Bob Babbitt

Original “Funk Brother” recounts the great sessions at Motown, Philly and Nashville, as well as one or two things that may surprise you!

Exclusive interview with FBPO’s Jon Liebman
December 20, 2010

Bob Babbitt is a bass-playing legend.  As one of Motown’s original “Funk Brothers” (recently enshrined on the Hollywood Walk of Fame), Bob has laid down bass tracks for Gladys Knight & the Pips, Edwin Starr, Stevie Wonder, Smokey Robinson, Marvin Gaye, the O’Jays, Teddy Pendergrass and the Spinners.  He also worked extensively in the New York, Philly and Nashville studio scenes, having recorded with pop icons Stephanie Mills, Jim Croce, Bonnie Raitt, Bobby Rydell and Engelbert Humperdinck, jazz artists Herbie Mann and Stanley Turrentine, country music stars Louise Mandrell and Carlene Carter and the legendary Frank Sinatra.  He has also toured with Joan Baez and Brenda Lee.  To date, Bob has played bass on some twenty-five gold records.

FBPO: Tell me about your musical upbringing. Didn’t you start out studying classical bass on the upright?

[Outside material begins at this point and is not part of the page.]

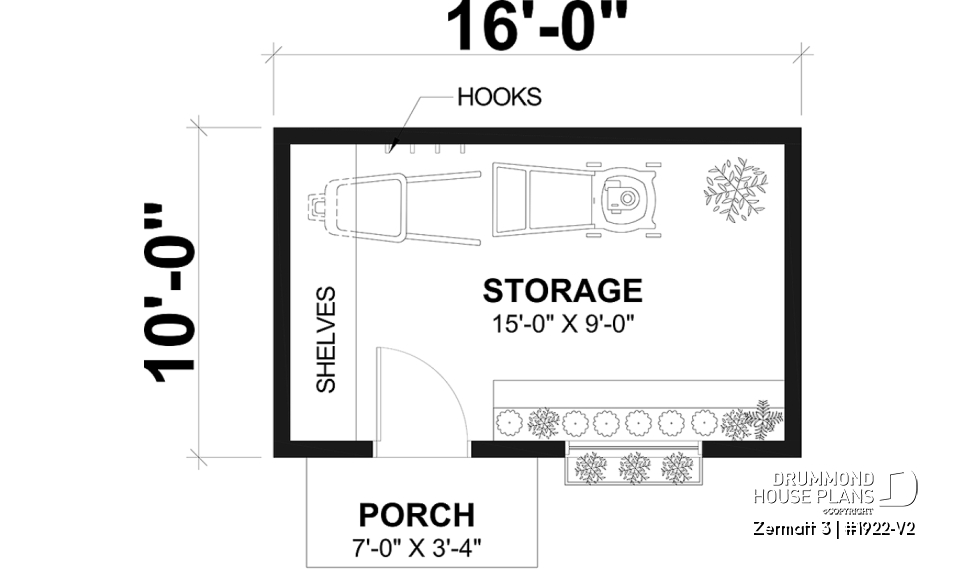 1st level - Stylish and simple shed plan with shelf and log storage areas - Zermatt 3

BB: I did start taking lessons for classical bass after playing in the elementary school orchestra for a couple of years. I studied with a female bass player who was the main bass player at the Pennsylvania College for Woman for two years. After she had graduated, the principle bass player for the Pittsburgh Symphony, Anthony Bianco, became the bass teacher and I studied with him for three years. During that time, I had passed an audition every year.  He ultimately awarded me a bass position in the Pittsburgh Symphony Jr., which consisted of the top musicians from all the high schools. Once a year we would do a joint concert with the Symphony. We also did other events throughout the year.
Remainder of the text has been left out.